# Covariance matrix of 2 matrices?

1. Nov 10, 2011

### weetabixharry

I have an $(m \times n)$ complex matrix, $\textbf{N}$, whose elements are zero-mean random variables. I have a sort of covariance expression:

$\mathcal{E}\left\{\textbf{N}\textbf{N}^H\right\} = \textbf{I}$

where $\mathcal{E}\left\{\right\}$ denotes expectation, $\{\}^H$ is conjugate transpose and $\textbf{I}$ is the identity matrix.

Basically, I want to know exactly what this tells me about the second order statistics of the elements of $\textbf{N}$. For example, I know that if instead I just had an $(m \times 1)$ vector, $\textbf{n}$, then an identity covariance matrix would imply that all the elements of $\textbf{n}$ have unit variance and are uncorrelated.

Can I make any similar deductions from the matrix equation, above? Many thanks for any help!

2. Nov 10, 2011

### chiro

Hey weetabixharry.

To me an identity covariance matrix says that there is no covariance terms at all for the different permutations, but I would want to see the expanded definitions for each random variable just to be absolutely sure.

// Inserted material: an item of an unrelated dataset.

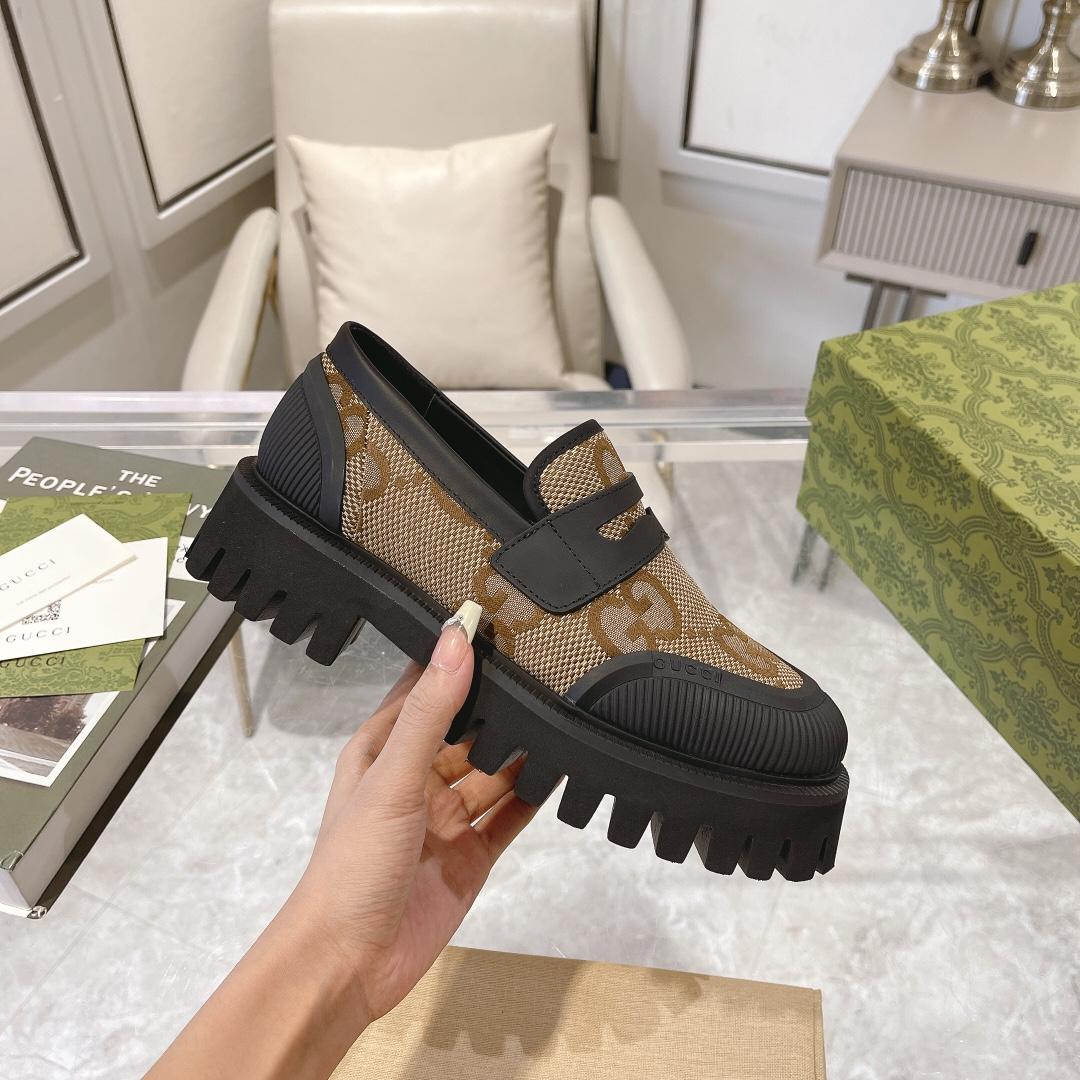 Gucci Maxi GG Loafers - PerfectKickZ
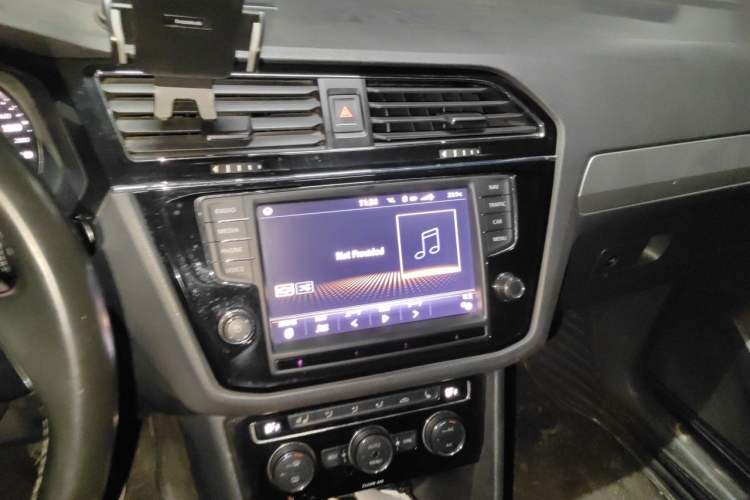 Used Volkswagen Tiguan L 2018 Facelift 330TSI Automatic Two-Wheel Drive Luxury Edition Audio And AC Panel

I'm not familiar with your matrix identity though, so I would need to put that into context of standard results concerning expanded definitions of the associated random variables.

3. Nov 11, 2011

### D H

Staff Emeritus
No.

The covariance of an NxN matrix is a NxNxNxN cartesian tensor; a very ugly beast. Your NxN matrix is the equivalent of the diagonal of a covariance matrix for a Nx1 vector.